Constitutional questions should rarely be settled with allusions to Biblical allegories. 

In the meantime, who will protect us from the tyranny of the angry, violent, and misinformed 2nd amendment revisionists? 

Forgotten Shots of the First Culture War

6 Dec

Yesterday I took a walk through Fort Donelson National Battlefield. It was the kind of crisp, clear and brilliantly sunny winter day that would have sent throngs to Delaware Park or along the Niagara River. This being Tennessee, however, the cold air sent everyone inside to watch a college football game, and I had the park to myself. My only companions were a nesting pair of bald eagles as I walked along the gun batteries and dirt ramparts above the meandering Cumberland River, alone.

The Battle of Fort Donelson is a forgotten skirmish from an increasingly forgotten war. In late 1861, Confederate soldiers built a series of forts along the Tennessee and Cumberland Rivers to guard their shipping lanes and the industrial hub of Nashville. US Grant, new to his command in the west, was given orders to break the Confederate lines and open an invasion route through Tennessee into Mississippi and Alabama. In early 1862 he succeeded, taking Fort Donelson on February 15th, and driving the Confederates from much of Tennessee. In a few short months, Nashville was a major Union logistical depot, with trains hubbed in that city carrying Union freight throughout the west. At Fort Donelson, Grant earned his reputation as a “fighting general” in Lincoln’s eyes, and earned the nickname “Unconditional Surrender” Grant.

Fort Donelson

In the North, the Civil War is largely forgotten. If it comes up at all, it is in reference to a Burns documentary on PBS, or in liberal coffee shop discussions comparing Obama to Lincoln. In the South, however, all jokes about The War of Northern Aggression aside, it is remembered quite vividly and viscerally. When I was new to the Air Force, and at my first assignment, I met a number of native southerners, and became good friends with them. For a kid from Buffalo, who went to college in Buffalo-like Milwaukee, this was a new experience for me. I was amazed that I was called a Yankee immediately (and not in a good way), and we talked about the Civil War very soon after we met; not a conversation I was used to having. I should not have been surprised, as the US military is increasingly southern in culture, as not only are a majority of bases in the south-east and Texas, but a majority of soldiers come from there as well.
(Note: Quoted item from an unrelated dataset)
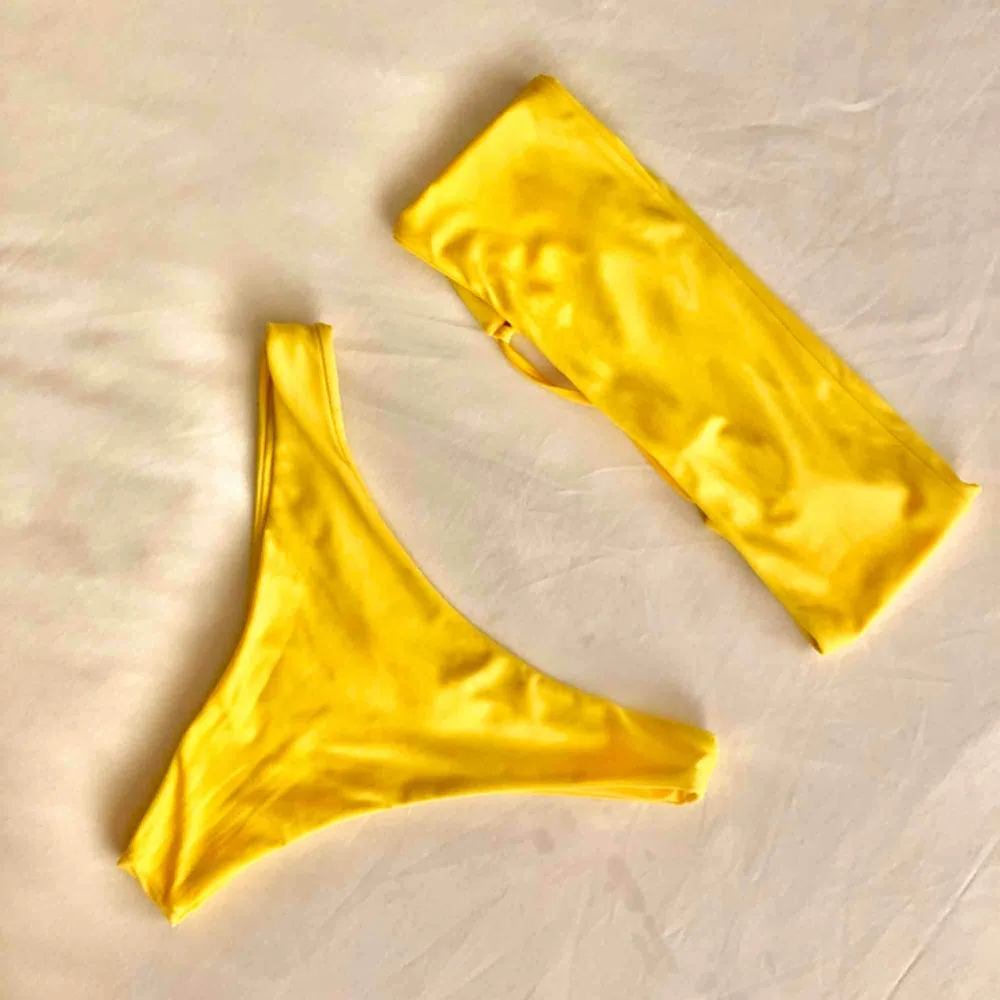 Supersnygg lysande gul (ej neon dock) högmidjad bikini från Shein. Superbra material, inte genomskinlig. Inga inlägg i bh-n och kan knytas bak så den passar många olika storlekar. . Övrigt.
Through my north east lens, I asked my new friends how they could still be bothered by the Civil War, weren’t they happy with the outcome, and anyway, how could they defend slavery? It’s not about slavery, they said. First, most southerners didn’t own slaves. And anyway, if your town was invaded, what would you do?

And thus the difference in cultures was cemented for generations. In Buffalo, as a child going to school, you went on field trips to Niagara Falls and the Zoo. In the south, kids go to civil war battlefields, because there is probably one close to their home. That battlefield is their link to our shared national history. In Buffalo, in fourth grade, learning New York State history, you build an Iroquois longhouse. In Georgia, you learn about Sherman’s March to the Sea. It is no great news flash that the Civil War was almost entirely fought in the South. However, the generational implications of that fact are still being felt.
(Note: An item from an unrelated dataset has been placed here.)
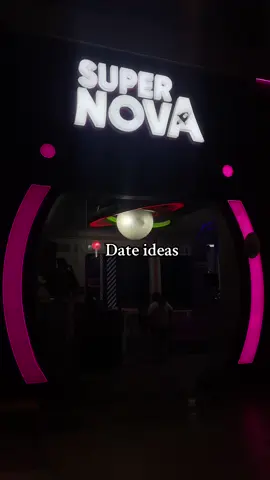 📍Supernova - Lima  Oferta en cuponatic: s/.20.90 por 30 minutos de juego. (Por persona)  Medias antideslizantes obligatorias, se pueden comprar por s/.13 en el lugar.  Mejores días para ir: Lunes- Martes y Miércoles.              #ideasdecitas #citas #dateidea #supernova #lima #peru #viral #points #pointlima #lugaresparavisitar #lugares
That may be changing, however. The term “native southerner” is increasingly an anachronism. Charlotte, Atlanta and Nashville are now filled with displaced Civil-War-ignorant northerners, fleeing cold weather and rusting economies. The history of an area, its unique characteristics that encapsulate it and give it a sense of place, have little role in our Chili’s/Walmart/suburban sprawl homogenized landscape. Our culture wars have forgotten the original shots, and now are focused on NASCAR, Sarah Palin, gay tree-huggers and limousine liberal caricatures.

Fortunately, places like Fort Donelson are preserved, so we can return and remember, if we wish.